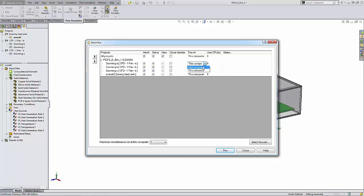This option allows you to use the other computer's CPU and memory resources at the expense of additional calculation time due to data transfer to the network. The Use CPU column is if your computer or the selected network computer has multi-processing capabilities, we can select the number of processors or processor cores to use for calculation of the project. Please note that the number of available processors or cores depends on the operating system and may differ from the number of processors or cores actually installed on the computer.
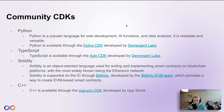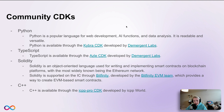Now that we've talked about Motoko and Rust, which are the two languages natively supported through the DFINITY tooling, we can take a look at the community-provided CDKs. These are canister development kits developed and maintained by different community members, and you'll see a couple of recurring names of community projects responsible for these different CDKs.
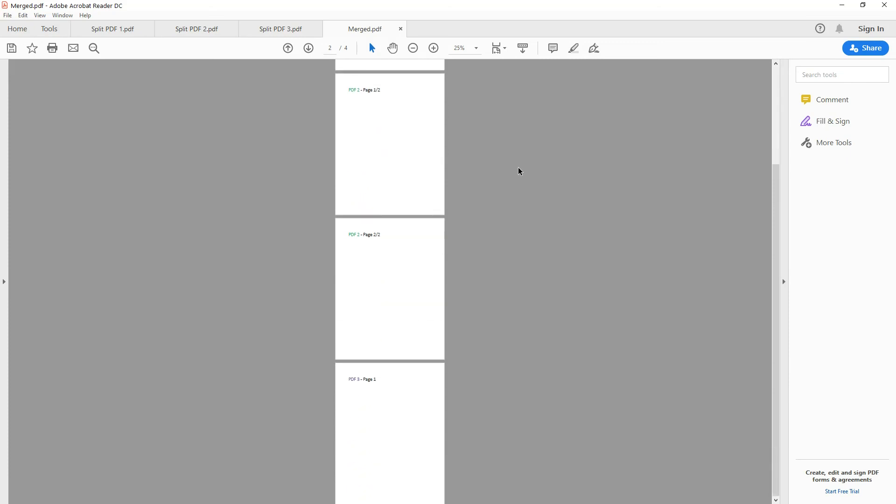So there you have it. That's how you merge PDF files using Power Automate desktop. Thank you for watching.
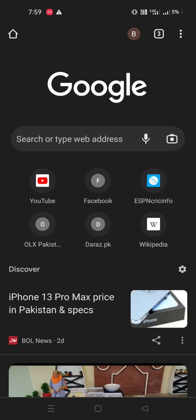Hey guys, welcome to our new YouTube channel Biology Tech. In our previous videos we have learned more about photosynthesis. Today I am going to tell you about photosynthesis — what is photosynthesis, the effect of photosynthesis, and the raw materials which are used in photosynthesis, such as carbon dioxide.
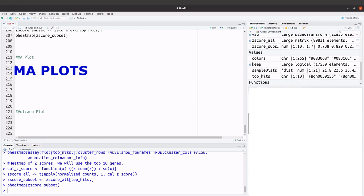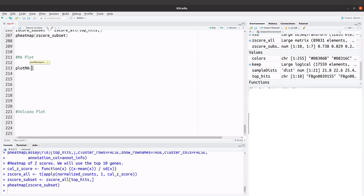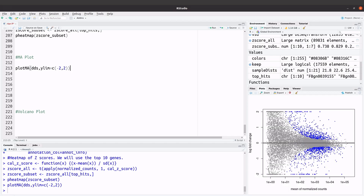If you're using DESeq2, you will have to use the plotMA function to generate your MA plot. We say plotMA and then specify the DESeq2 object, which is dds. Let's add the y limits — we will use negative two and then two. Let's execute this command. Now we have our MA plots.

TASK BRIEF
Copy out the entries exactly. No pictures.

EXPECTED ANSWER
This option allows you to use the other computer's CPU and memory resources at the expense of additional calculation time due to data transfer to the network. The Use CPU column is if your computer or the selected network computer has multi-processing capabilities, we can select the number of processors or processor cores to use for calculation of the project. Please note that the number of available processors or cores depends on the operating system and may differ from the number of processors or cores actually installed on the computer.
Now that we've talked about Motoko and Rust, which are the two languages natively supported through the DFINITY tooling, we can take a look at the community-provided CDKs. These are canister development kits developed and maintained by different community members, and you'll see a couple of recurring names of community projects responsible for these different CDKs.
So there you have it. That's how you merge PDF files using Power Automate desktop. Thank you for watching.
Hey guys, welcome to our new YouTube channel Biology Tech. In our previous videos we have learned more about photosynthesis. Today I am going to tell you about photosynthesis — what is photosynthesis, the effect of photosynthesis, and the raw materials which are used in photosynthesis, such as carbon dioxide.
If you're using DESeq2, you will have to use the plotMA function to generate your MA plot. We say plotMA and then specify the DESeq2 object, which is dds. Let's add the y limits — we will use negative two and then two. Let's execute this command. Now we have our MA plots.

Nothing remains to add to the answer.